- Although the word "stock" might sound like a product, stocks aren't physical goods. A share of stock represents money, specifically money used by companies for business purposes. When you buy stock from a company, your money is used to help that company improve its business. When you buy stock, you become a partial owner of a company, meaning when the company thrives, the value of your stock goes up and you earn money. If the company suffers, the value of your stock goes down and you lose money.
- The stock market functions as a way for companies to fund various business endeavors such as expansion, creating new products or merging with other companies without having to rely on loans from banks. Stocks, more or less, function on a supply-and-demand basis --- meaning when a company's goods and services are high in demand, stocks are more expensive. On the other hand, when a company isn't popular with the public, its stock value drops.

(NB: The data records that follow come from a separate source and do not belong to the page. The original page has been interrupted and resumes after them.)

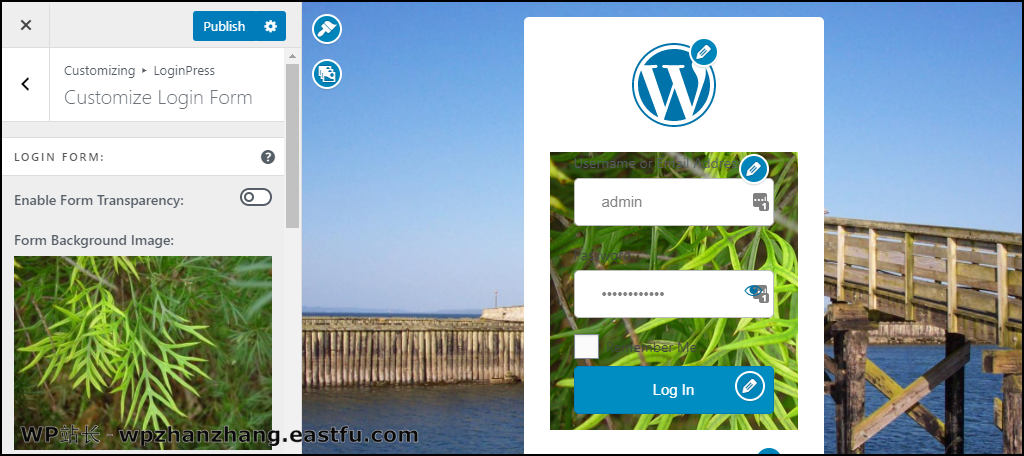 如何使用 LoginPress 创建 WordPress 自定义登录页面 15 LoginPress WordPress 插件表单背景图片
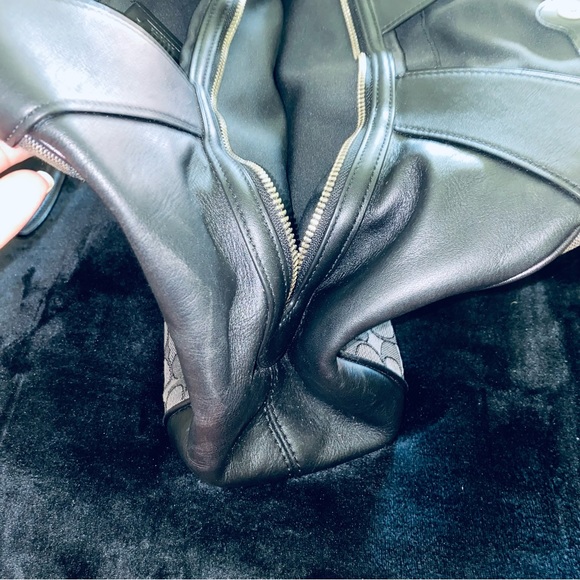 1 bag Coach original Oversized Purse Black and Gray Pre-Owned - Picture 7 of 10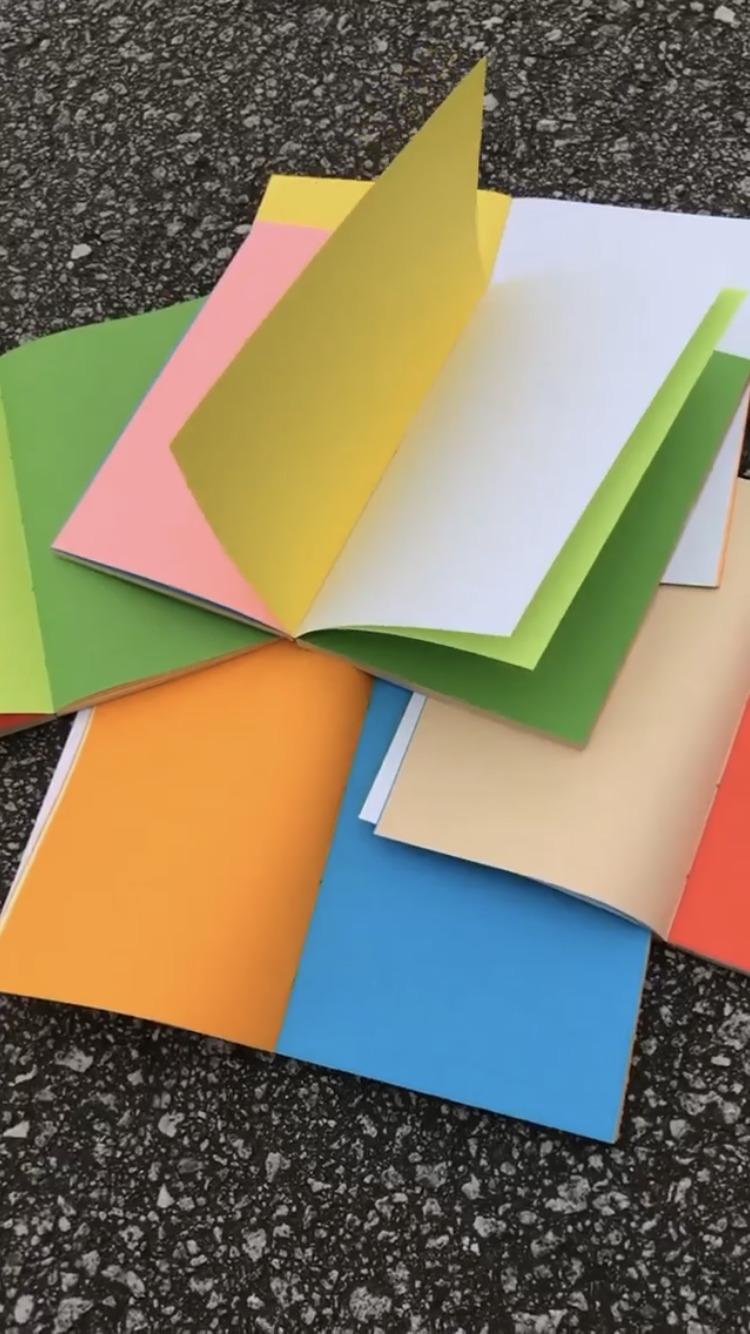 Colored Sketchbooks
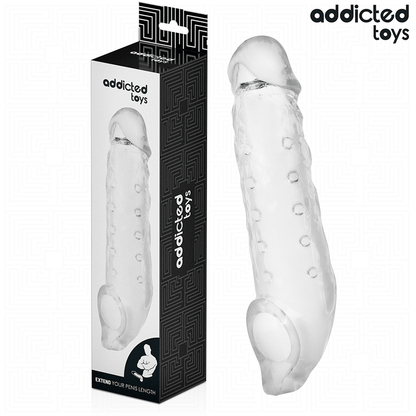 ADDICTED TOYS - EXTENSION PÉNIS TRANSPARENTE TAILLE S 23 CM
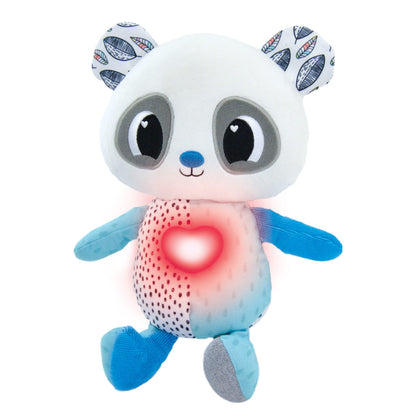 Lamaze Soothing Heart Panda Plush Lullaby Stuffed Animal - Vibrating Baby Soother Includes Calming Glowing Heartbeat and 3 Lullabies - Baby Light Up Toys and Musical Toys - Ages 9 Months and Up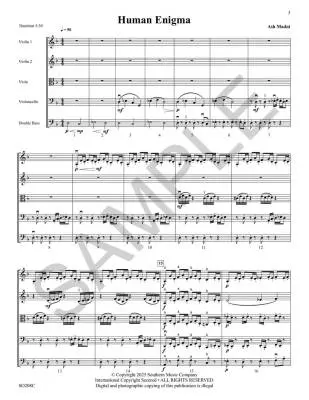 Human Enigma - Madni - String Orchestra - Gr. 3.5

- Although the method of stock trading used to involve physical pieces of paper and in-person transactions, most trading is now done electronically. If you want to invest in stocks, you can use a full-service broker, discount broker or do a direct purchase from a company. Full-service brokers will give you extensive financial advice, but they can be expensive to hire. Discount brokers simply perform your trading transactions, but don't provide advice or input on your investments. To purchase from a company, look for an "Investor Relations" page on its corporate website. You might pay a fee for this option, but direct purchase can be much less expensive than hiring a broker.
- Many people invest in the stock market to save for retirement. This option is best if you're 20 years or more away from retirement, because it will take time for you to see much growth on your investment. It is common to buy stocks from your own company or a company whose goods or services you often use. Keep in mind that your retirement shouldn't rely solely on stocks: invest in a low-risk account like a 401(k) or Roth IRA just in case your stocks don't grow as expected.
- If you are considering investing in the stock market, you'll need to be aware that stock investments are akin to gambling. Although stocks have the potential to grow massively in a short period of time, they have the same potential to do the opposite. You can review a company's financial history by reading its annual reports to see if the company is growing or receding.